Don’t try timing the market. The prevailing view from experts is that there will be lots of volatility and headline-driven reactions. In this extreme volatility, it’s important to stay focused on a price target and keep your emotions in check. The sophisticated investor stays firm or buys some insurance, like options. It is possible to short sell against your equities, but I don’t recommend this approach for long-term investors. Leave that to the short-term day traders or professional managers like Dan Niles or Jim Chanos.
Go in with a plan
I expect that we will see the S&P valued at 2500 or below again. Don’t try waiting for a bottom but save some cash in case we experience another big drop. Planning for irrationality can make it more manageable and can lower your emotional reactions. Perhaps deploy 20% when the S&P is between 2800-2500, 30% around 2500 and then keep another 50% on the sidelines if we re-test a new bottom.
Look for good stocks trading at a discount. You don’t need to go after the most depressed stocks, as there are plenty of good stocks trading at a large discount. Focus on stocks that have large balance sheets and good cash flow positions.
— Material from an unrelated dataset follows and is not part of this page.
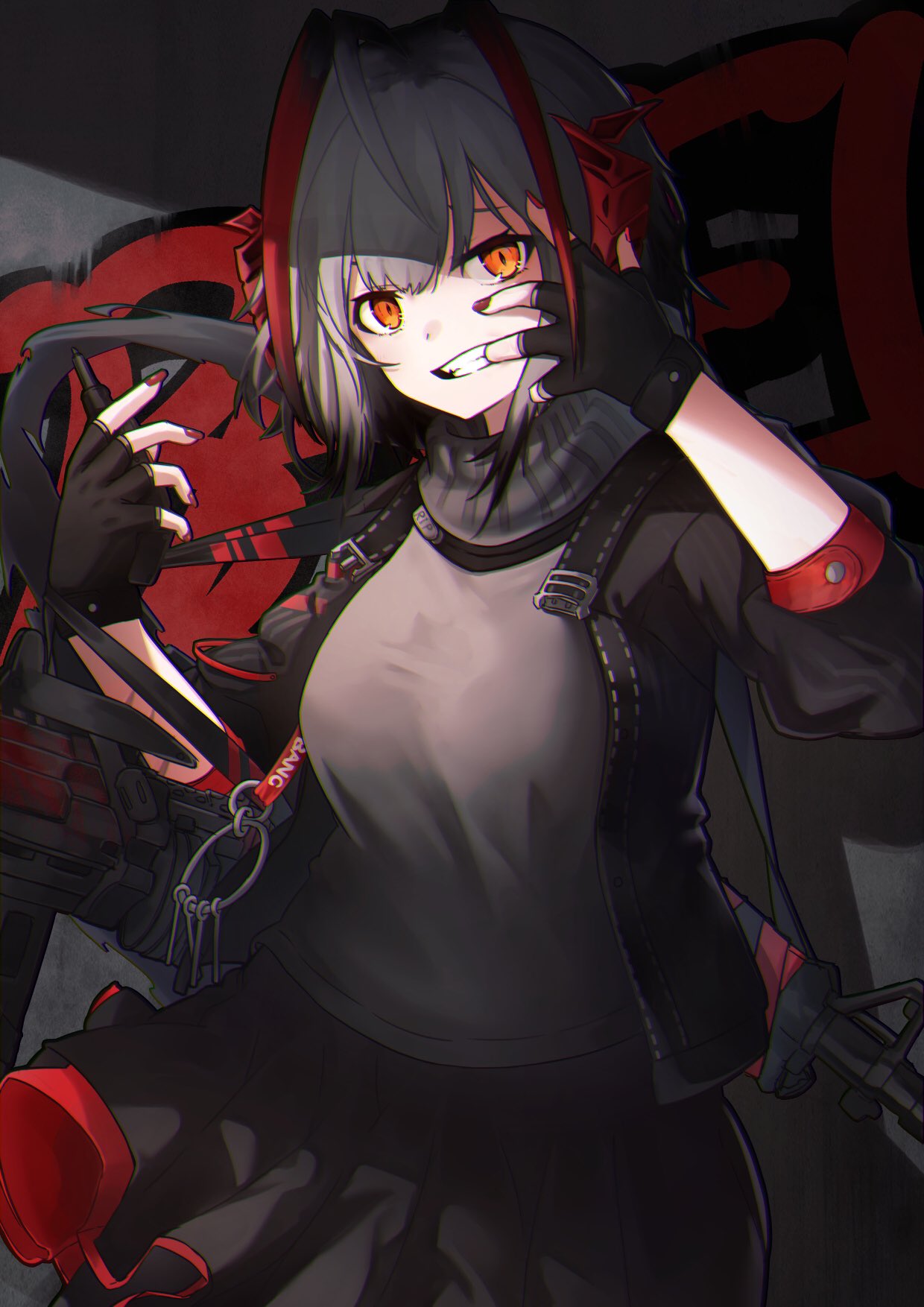 1girl, arknights, bangs, black_gloves, black_jacket, black_skirt, breasts, commentary_request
There is a tendency for new investors to go after stocks based on dramatic charts, saying, "Wow, it’s down 50%," but you can find good returns that are a safer bet by focusing on winners.
If you must satisfy your craving for investing in certain names that are heavily bleeding, you should agree in advance on a what percentage of your portfolio should be “risky”, like 20%. Then you can consciously go after these “beaten down” stocks but put the rest in assets such as staple names or leaders.
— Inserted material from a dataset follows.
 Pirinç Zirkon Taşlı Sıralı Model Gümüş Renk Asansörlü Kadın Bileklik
Divide your investable cash into segments
Don’t buy the broad markets; instead, purchase individual stocks or sectors that are priced attractively. Even when the S&P market is up, some stocks are still down and vice versa. Develop a hit list of stocks and categorize them by sectors or risk/reward profile. Set price targets for those and commit to investing money into each stock when they reach a range close to your target.
Another way is to divide money into three to five tranches and just buy stocks agnostic of price today and then again at some other point in time or after an event. If you think we are in a lasting painful cycle, then stretch it out. History suggests that timing the market is impossible, but it also doesn’t make sense to invest at the very top of a range that is so far off the lows.
Choose your safe havens
Gold is traditionally a safe haven during bear markets; you can hedge with commodities; and bitcoin can help with currency erosion. However, these do not produce income like a dividend-earning stock does, and more changes in those markets may be coming soon. Consider bonds. They are low yield and very expensive right now, but it is important to have some portion of your portfolio safely tucked away.
Whatever equities or other investments you decide to move forward with, make sure your decisions and actions are strategically grounded and unemotional. Make a long-term plan and execute that plan without passion . . . but hold on to your hat, because the roller coaster ride isn’t over yet.